Jonathan Cohn, Senior Editor at the New Republic and a Michigan resident, has a column at Kaiser Health News criticizing Attorney General Mike Cox for joining a lawsuit seeking to overturn the recent health care reform bill passed by Congress and signed into law by President Obama.

Noting that there are currently around 1.1 million Michigan residents without health insurance, Cohn writes:

Thanks to the Affordable Care Act, the vast majority of the would-be uninsured should gain access to affordable insurance. Based on the official estimates, around 400,000 of them will get it through Medicaid, which the Act will expand. Most of the rest will get them through the new insurance exchanges–that is, the new regulated marketplaces through which individuals and small businesses will be able to purchase the same sort of coverage large businesses get.

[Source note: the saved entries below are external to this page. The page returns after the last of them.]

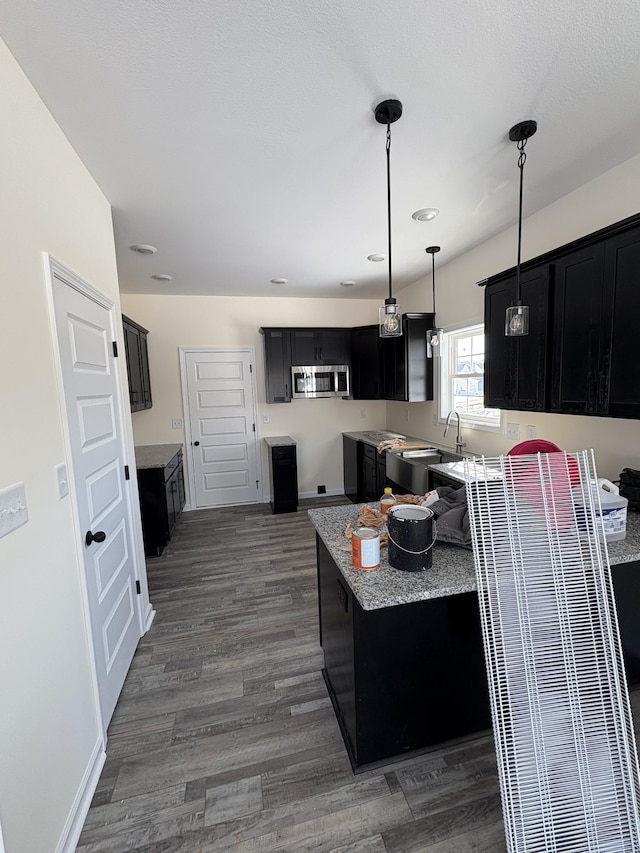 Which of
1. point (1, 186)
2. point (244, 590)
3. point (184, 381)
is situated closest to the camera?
point (1, 186)

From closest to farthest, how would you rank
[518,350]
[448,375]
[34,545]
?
[34,545] → [518,350] → [448,375]

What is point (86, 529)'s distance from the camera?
5.28 feet

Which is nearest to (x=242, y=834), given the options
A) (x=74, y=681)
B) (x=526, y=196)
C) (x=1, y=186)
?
(x=74, y=681)

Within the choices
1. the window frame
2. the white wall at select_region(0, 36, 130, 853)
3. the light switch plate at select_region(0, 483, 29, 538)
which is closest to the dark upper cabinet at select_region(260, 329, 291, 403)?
the window frame

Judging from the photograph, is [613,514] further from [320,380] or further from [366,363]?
[320,380]

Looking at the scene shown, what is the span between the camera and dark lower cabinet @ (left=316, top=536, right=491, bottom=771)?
1.40 m

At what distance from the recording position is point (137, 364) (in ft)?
12.6

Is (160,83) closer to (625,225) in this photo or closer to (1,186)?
(1,186)

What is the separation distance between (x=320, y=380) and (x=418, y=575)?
367cm

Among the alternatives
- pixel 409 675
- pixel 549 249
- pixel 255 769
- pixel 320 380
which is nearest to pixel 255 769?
pixel 255 769

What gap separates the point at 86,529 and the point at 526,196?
3.28 m

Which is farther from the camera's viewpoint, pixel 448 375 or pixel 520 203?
pixel 448 375

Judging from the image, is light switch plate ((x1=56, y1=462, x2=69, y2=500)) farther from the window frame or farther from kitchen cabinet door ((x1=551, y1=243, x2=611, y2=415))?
the window frame

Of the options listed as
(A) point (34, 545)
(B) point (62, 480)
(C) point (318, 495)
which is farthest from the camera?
(C) point (318, 495) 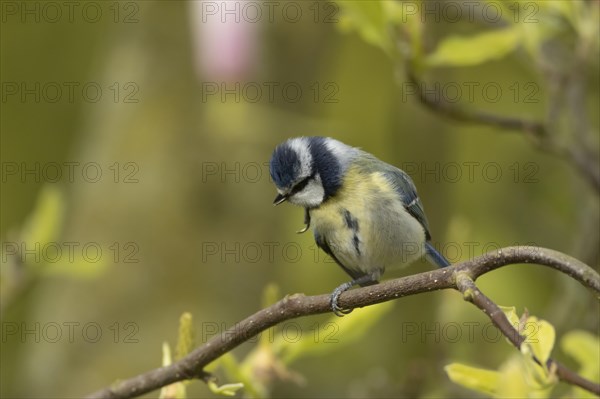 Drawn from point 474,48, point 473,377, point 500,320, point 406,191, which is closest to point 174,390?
point 473,377

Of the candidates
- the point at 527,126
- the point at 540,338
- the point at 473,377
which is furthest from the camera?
the point at 527,126

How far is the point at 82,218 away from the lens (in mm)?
2428

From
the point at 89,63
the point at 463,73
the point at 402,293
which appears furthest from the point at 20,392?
the point at 402,293

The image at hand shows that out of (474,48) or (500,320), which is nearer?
(500,320)

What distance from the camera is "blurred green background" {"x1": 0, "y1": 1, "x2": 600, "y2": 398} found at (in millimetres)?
2145

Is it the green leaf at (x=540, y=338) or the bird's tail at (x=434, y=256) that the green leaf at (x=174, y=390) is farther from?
the bird's tail at (x=434, y=256)

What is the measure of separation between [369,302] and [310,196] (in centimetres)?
61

The people shopping in the exchanges should have more choices than they do today and the choices will be, by and large, good ones: plans with comprehensive basic benefits, no exclusions or higher rates for pre-existing conditions and lower. Those who can’t afford even these reduced premiums will be eligible for generous tax credits, so that premiums never go higher than around 10 percent of income.

Does Michigan’s Cox prefer a world in which families making $45,000 a year miss out on thousands of dollars in tax credits? Where people with pre-existing medical conditions have to pay astronomical rates on coverage, if they can get insurance at all? Does he think those 400,000 people set to get Medicaid coverage would be better with no insurance? And, if so, has he taken this up with the professionals and hospitals struggling, every day, to provide charity care for these people?

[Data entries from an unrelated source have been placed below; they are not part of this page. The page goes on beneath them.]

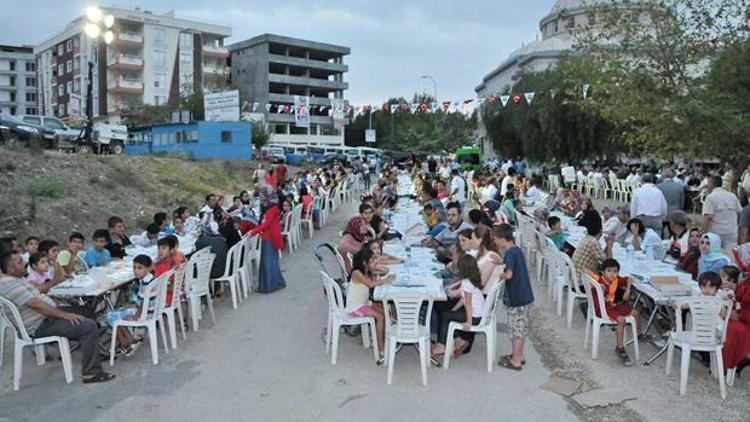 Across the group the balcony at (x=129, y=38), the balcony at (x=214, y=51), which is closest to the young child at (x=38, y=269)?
the balcony at (x=129, y=38)

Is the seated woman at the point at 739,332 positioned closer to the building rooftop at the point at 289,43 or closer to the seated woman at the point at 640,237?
the seated woman at the point at 640,237

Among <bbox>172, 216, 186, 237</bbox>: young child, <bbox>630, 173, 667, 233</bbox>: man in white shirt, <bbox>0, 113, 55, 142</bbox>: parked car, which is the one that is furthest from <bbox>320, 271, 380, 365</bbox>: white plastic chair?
<bbox>0, 113, 55, 142</bbox>: parked car

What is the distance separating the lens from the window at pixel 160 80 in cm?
6675

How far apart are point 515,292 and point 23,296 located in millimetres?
4526

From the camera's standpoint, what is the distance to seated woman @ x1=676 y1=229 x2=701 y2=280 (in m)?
7.95

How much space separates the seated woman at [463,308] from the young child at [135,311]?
2.91 metres

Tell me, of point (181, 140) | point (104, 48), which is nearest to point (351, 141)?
point (104, 48)

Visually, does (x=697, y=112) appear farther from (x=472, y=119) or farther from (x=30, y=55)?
(x=30, y=55)

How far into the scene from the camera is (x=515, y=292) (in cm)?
654

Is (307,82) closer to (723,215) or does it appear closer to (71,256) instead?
(723,215)

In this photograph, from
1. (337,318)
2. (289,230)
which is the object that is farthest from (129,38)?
(337,318)

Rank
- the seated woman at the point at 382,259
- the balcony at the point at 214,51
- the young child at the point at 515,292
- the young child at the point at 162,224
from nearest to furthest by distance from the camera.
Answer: the young child at the point at 515,292
the seated woman at the point at 382,259
the young child at the point at 162,224
the balcony at the point at 214,51

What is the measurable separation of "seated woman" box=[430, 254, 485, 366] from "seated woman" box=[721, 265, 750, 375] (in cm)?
220

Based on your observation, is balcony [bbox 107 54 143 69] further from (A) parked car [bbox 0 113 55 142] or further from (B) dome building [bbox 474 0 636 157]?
(A) parked car [bbox 0 113 55 142] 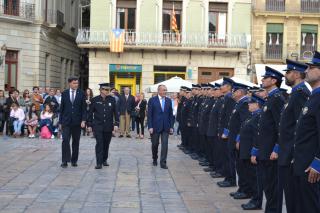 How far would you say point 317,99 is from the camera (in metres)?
6.46

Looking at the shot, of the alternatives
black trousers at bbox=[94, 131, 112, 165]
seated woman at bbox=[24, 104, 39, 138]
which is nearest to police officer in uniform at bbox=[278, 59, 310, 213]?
black trousers at bbox=[94, 131, 112, 165]

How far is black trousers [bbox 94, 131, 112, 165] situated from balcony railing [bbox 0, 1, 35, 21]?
2173cm

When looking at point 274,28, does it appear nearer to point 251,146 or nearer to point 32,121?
point 32,121

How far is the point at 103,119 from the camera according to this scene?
15.3 m

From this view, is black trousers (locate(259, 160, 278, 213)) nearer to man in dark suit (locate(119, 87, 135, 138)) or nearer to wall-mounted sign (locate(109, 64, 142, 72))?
man in dark suit (locate(119, 87, 135, 138))

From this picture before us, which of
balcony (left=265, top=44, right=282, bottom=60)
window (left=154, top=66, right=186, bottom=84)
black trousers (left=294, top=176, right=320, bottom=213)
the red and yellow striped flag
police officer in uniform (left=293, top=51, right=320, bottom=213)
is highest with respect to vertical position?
the red and yellow striped flag

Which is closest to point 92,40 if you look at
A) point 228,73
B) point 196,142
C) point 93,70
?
point 93,70

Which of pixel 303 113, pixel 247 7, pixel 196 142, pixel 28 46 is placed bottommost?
pixel 196 142

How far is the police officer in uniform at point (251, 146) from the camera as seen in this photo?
10039 millimetres

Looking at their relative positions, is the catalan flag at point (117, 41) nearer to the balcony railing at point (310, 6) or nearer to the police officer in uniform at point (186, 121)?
the balcony railing at point (310, 6)

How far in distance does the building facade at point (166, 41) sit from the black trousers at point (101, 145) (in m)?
21.7

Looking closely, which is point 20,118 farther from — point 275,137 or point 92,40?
point 275,137

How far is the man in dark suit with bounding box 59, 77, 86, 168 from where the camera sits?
50.0ft

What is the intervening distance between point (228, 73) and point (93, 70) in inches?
336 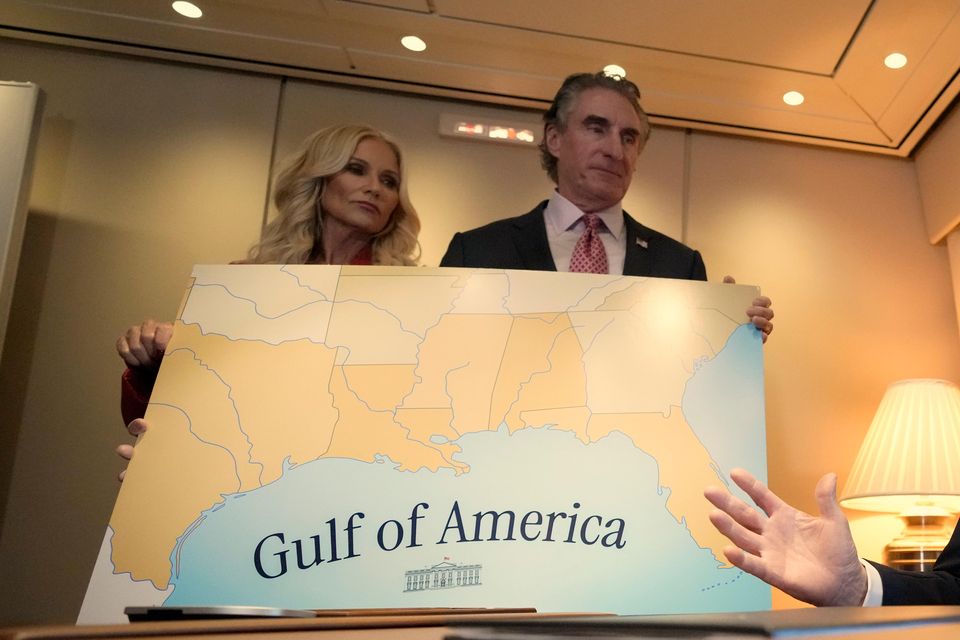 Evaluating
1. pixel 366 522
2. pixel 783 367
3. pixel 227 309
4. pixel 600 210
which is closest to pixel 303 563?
pixel 366 522

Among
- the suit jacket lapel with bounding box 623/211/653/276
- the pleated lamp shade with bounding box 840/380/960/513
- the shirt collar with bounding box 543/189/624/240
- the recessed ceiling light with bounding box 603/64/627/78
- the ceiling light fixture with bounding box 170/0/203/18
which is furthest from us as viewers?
the recessed ceiling light with bounding box 603/64/627/78

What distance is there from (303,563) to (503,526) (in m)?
0.31

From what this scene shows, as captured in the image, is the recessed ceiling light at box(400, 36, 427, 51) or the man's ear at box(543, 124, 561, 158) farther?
the recessed ceiling light at box(400, 36, 427, 51)

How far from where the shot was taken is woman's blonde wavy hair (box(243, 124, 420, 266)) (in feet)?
7.96

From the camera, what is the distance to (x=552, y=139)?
2.65m

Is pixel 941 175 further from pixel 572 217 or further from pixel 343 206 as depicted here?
pixel 343 206

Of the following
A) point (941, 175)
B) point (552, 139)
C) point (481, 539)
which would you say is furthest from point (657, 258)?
point (941, 175)

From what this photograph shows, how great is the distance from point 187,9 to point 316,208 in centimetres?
97

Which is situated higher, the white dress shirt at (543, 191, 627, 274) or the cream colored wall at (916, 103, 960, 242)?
the cream colored wall at (916, 103, 960, 242)

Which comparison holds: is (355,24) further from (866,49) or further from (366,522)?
(366,522)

As we reported a few weeks ago, many Michigan hospitals are suffering enormous financial problems due primarily to two causes — the number of uninsured patients they must care for and the number of patients with Medicaid they must pay for, because Medicaid pays far lower rates than either Medicare or private insurance.

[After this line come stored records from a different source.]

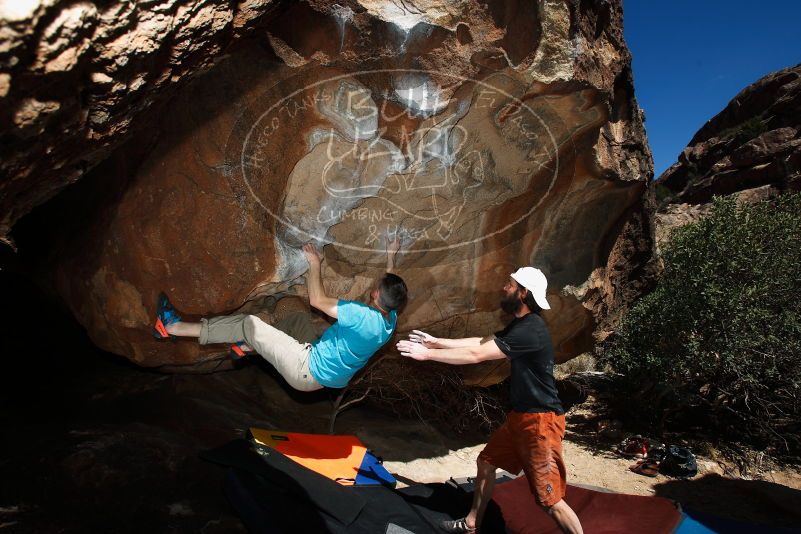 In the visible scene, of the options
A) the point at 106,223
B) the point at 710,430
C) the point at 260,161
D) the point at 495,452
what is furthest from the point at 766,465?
the point at 106,223

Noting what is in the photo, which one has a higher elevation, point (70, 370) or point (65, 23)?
point (65, 23)

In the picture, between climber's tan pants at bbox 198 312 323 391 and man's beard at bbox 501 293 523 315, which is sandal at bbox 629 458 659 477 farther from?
climber's tan pants at bbox 198 312 323 391

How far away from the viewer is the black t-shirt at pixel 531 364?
2889mm

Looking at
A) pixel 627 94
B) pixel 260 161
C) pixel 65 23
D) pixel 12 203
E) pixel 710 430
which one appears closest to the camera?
pixel 65 23

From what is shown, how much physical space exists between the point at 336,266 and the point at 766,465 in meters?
6.27

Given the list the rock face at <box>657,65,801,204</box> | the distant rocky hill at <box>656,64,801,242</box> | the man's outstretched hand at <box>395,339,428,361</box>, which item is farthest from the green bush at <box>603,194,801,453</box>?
the rock face at <box>657,65,801,204</box>

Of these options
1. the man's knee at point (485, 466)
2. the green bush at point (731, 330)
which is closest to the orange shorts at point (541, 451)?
the man's knee at point (485, 466)

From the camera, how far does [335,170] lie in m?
3.66

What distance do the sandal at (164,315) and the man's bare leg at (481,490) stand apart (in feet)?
8.36

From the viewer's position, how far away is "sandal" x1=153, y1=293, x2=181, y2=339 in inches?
148

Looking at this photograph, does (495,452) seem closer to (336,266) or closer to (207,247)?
(336,266)

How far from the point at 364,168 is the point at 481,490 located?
2.45 m

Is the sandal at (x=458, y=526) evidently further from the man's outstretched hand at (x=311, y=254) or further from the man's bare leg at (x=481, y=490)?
the man's outstretched hand at (x=311, y=254)

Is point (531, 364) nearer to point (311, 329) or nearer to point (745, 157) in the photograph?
point (311, 329)
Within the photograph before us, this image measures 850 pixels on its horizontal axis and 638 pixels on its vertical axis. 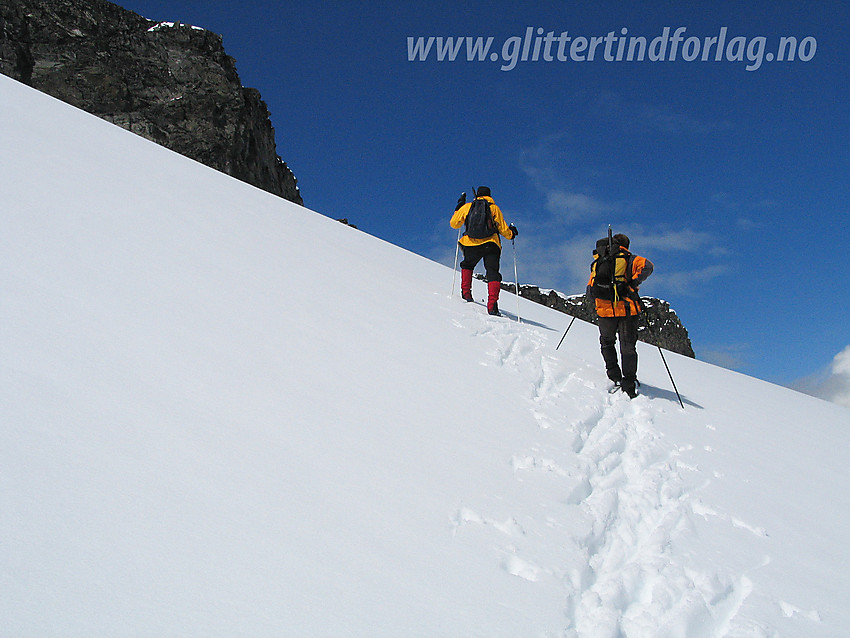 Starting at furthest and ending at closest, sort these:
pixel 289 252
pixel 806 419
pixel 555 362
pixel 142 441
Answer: pixel 289 252 < pixel 806 419 < pixel 555 362 < pixel 142 441

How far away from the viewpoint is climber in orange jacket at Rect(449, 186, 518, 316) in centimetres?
686

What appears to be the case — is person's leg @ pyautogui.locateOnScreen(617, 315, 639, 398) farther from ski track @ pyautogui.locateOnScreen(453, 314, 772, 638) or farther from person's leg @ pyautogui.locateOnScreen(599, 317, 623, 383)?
ski track @ pyautogui.locateOnScreen(453, 314, 772, 638)

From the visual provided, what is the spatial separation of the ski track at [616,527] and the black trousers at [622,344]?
1.61 ft

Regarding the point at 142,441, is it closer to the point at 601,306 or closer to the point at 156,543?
the point at 156,543

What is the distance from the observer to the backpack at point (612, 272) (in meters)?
5.18

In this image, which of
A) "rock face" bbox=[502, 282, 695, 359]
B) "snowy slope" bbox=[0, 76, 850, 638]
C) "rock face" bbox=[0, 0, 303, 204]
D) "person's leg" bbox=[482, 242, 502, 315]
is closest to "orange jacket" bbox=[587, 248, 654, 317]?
"snowy slope" bbox=[0, 76, 850, 638]

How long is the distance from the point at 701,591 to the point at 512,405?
6.46 ft

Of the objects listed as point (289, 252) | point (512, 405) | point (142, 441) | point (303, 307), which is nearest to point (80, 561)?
point (142, 441)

Many hospitals are having to close down obstetrics units as a result, particularly in rural areas, leaving large areas of the state — including 16 contiguous counties in rural northern Michigan — without any hospitals that provide pre- or post-natal care of pregnant women and their babies.

The health care reform bill would help solve both problems by reducing the number of uninsured patients and by raising the Medicaid reimbursement rates up to match those of Medicare.